Welcome Guest Search | Active Topics | Log In | Register

Options
danielvbdash
#1 Posted : Wednesday, January 14, 2015 10:53:54 PM
Rank: Member

Groups: Registered

Joined: 1/14/2015
Posts: 12
Hi everyone

I have followed this article here but I got no success (http://keyoti.com/products/search/dotNetWeb/HtmlHelp2012/UserGuide/Examples/Boosting%20Page%20&%20Section%20Weight.htm)

I created 2 files:
./important/a.html
./b.html

a.html content:
holiday 2015 test

b.html content:
holiday 2015 test

I created a project using the Plug-in 'Create a Project' option.

Per the User Guide Example the file a.html should appear as the first result. But it is not happening.

My code:
Code:

public void dispatcher_Action(object sender, ActionEventArgs e)
        {
            //Log everything - comment this line after debugging to optimize speed.
            Keyoti.SearchEngine.DataAccess.Log.WriteLogEntry("Plug-in Template Project", e.ActionData.Name.ToString(), conf);
            Document document;
            if (e.ActionData.Name == ActionName.CalculateWordRelevancies)
            {
                System.Collections.ArrayList words = e.ActionData.Data as System.Collections.ArrayList;
                document = sender as Document;
                if (document.Uri.AbsolutePath.Contains("/important/"))
                {
                    foreach (Word word2 in words)
                    {
                        word2.Weight *= 2; //boost the weight of all words by 2, if they're in the /important/ subdir.
                    }
                }
            }
        }
Jim
#2 Posted : Thursday, January 15, 2015 1:12:18 AM
Rank: Advanced Member

Groups: Administrators, Registered

Joined: 8/13/2004
Posts: 2,667
Location: Canada
Hi, if you enable logging, you should see (after indexing) a file called "Plug-in Template Project.txt" in the index directory, do you see it and what content do you see?

If you don't see it, then it means that the plugin is not working at all, please look for a file called CentralEventHandler.txt and send the contents (probably the last lines will include an error).

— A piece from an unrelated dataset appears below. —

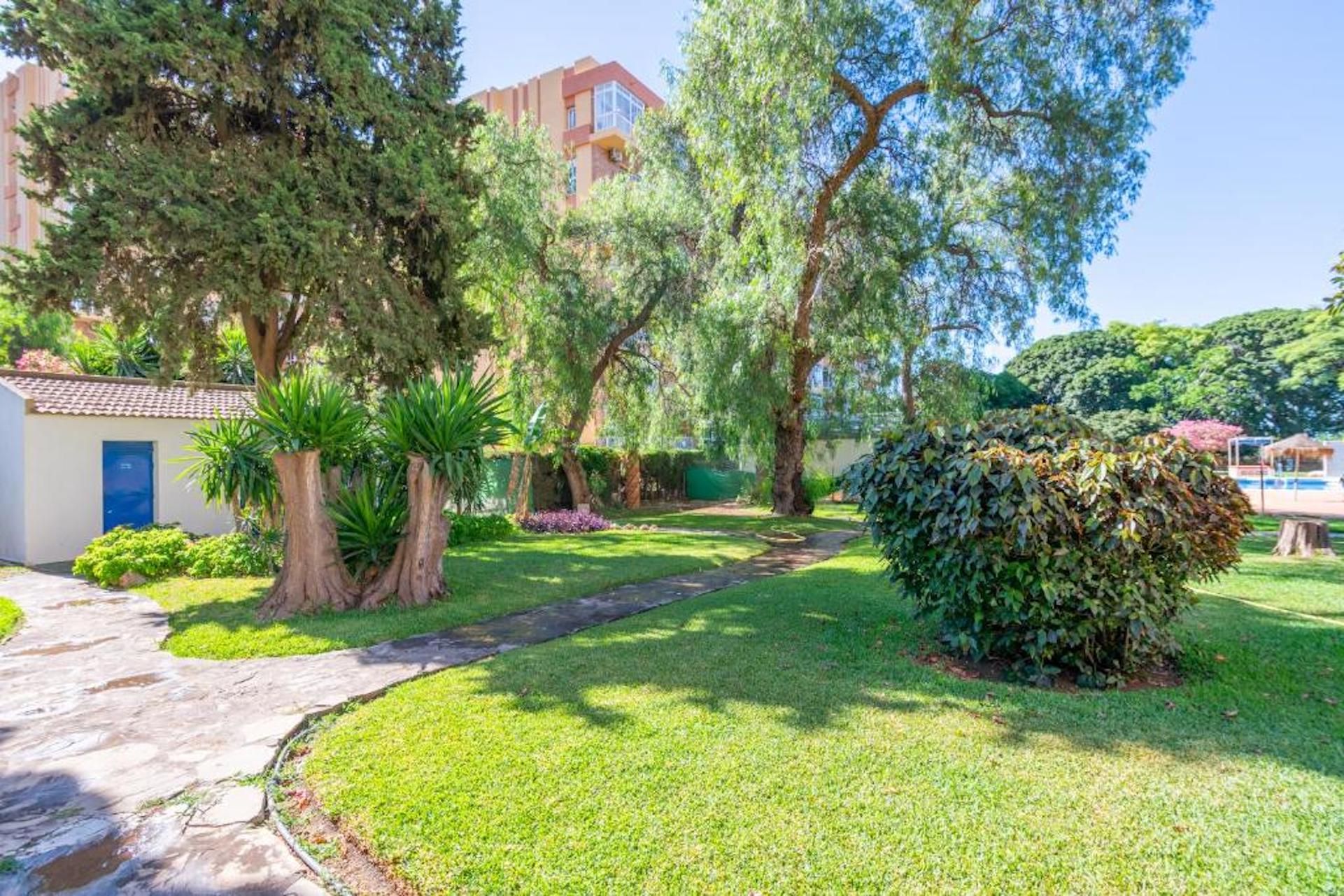 A well-maintained garden with a pathway, trees, and a small building with a blue door.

If you do see "Plug-in Template Project.txt", then I would add extra log lines in that plugin method, to output things like document.Uri.AbsolutePath.

Also, to debug you can open your plugin project and using the VS debug menu, attach to the indexer process - put a break point in your method (above) and it should be hit during indexing, you can then step through and see what is going on.



-your feedback is helpful to other users, thank you!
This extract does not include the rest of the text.